> _Problem requirements_:
From the material below, copy exactly the lines beginning with the one that contains "Caricabatterie auto USB" and ending with the one that contains "Carving and Printing"; the pictures stay out.

___ Available records

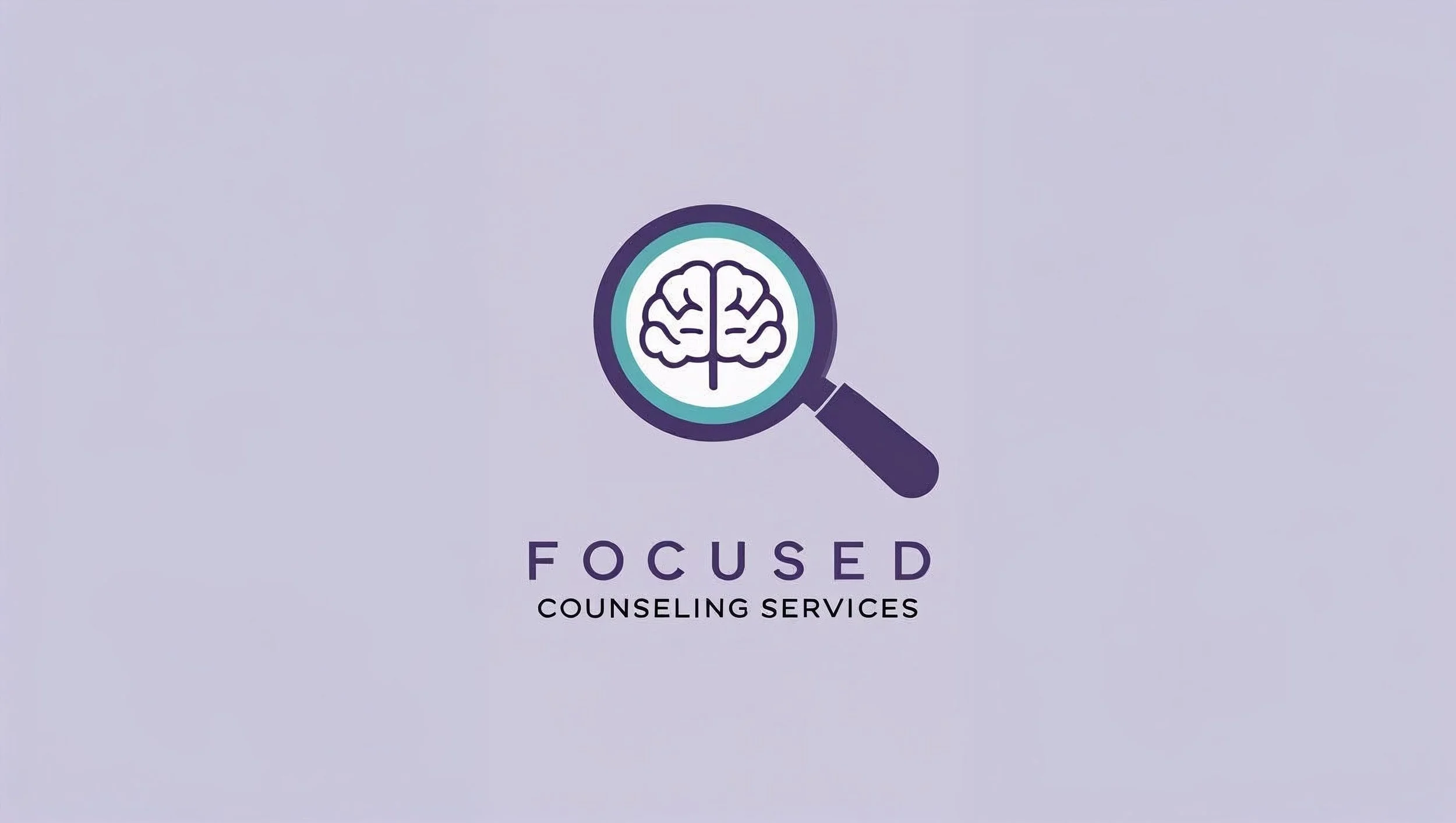Logo for Focused Counseling Services with a purple and teal magnifying glass centered over a brain graphic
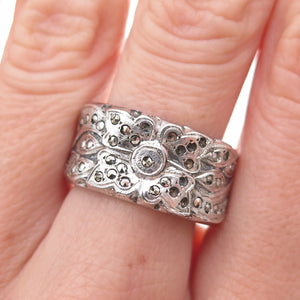 925 Sterling Antique Art Deco Marcasite Floral Ring Size 7.25 (missing stones)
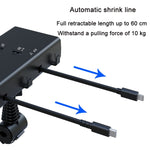 Caricabatterie auto USB 65W con doppio cavo retrattile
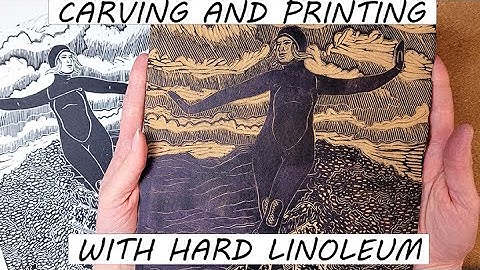 Carving and Printing with Hard Linoleum | Lino-Cut Printmaking Tutorial | Surfer | EHollingsheadArt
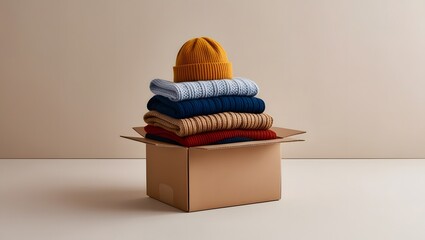 Stacked clothes for donation in a cardboard box. Winter clothes in a cardboard box. Seasonal clothing. Charity or donation drive backdrop with copy space.
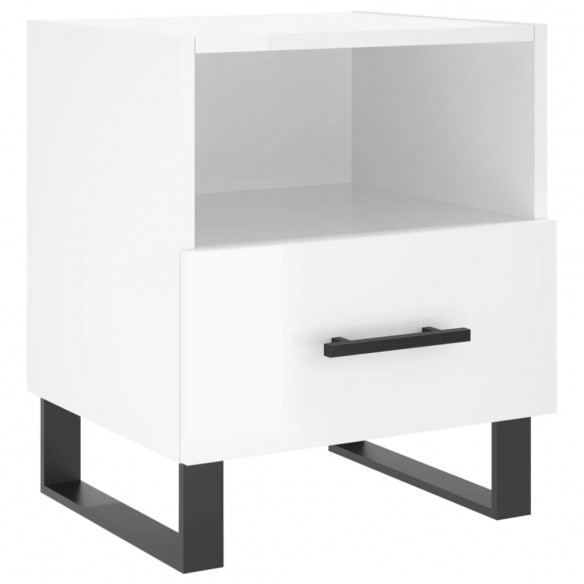 Tables de chevet 2 pcs blanc brillant 40x35x47,5 cm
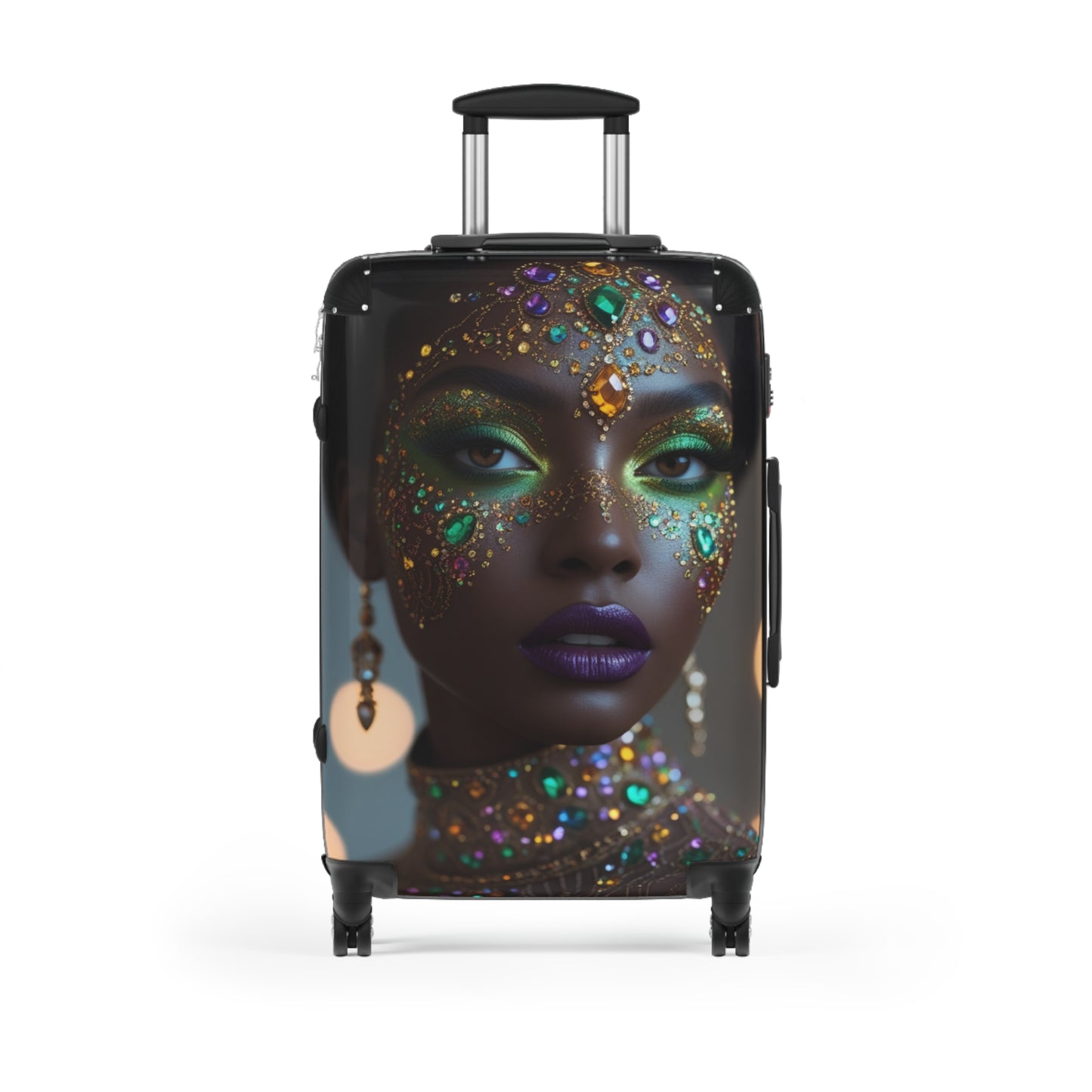 Colorful Glamour Print Suitcase with Elegant Gemstone Design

______

> _Result for this task_:
 Caricabatterie auto USB 65W con doppio cavo retrattile
 Carving and Printing with Hard Linoleum | Lino-Cut Printmaking Tutorial | Surfer | EHollingsheadArt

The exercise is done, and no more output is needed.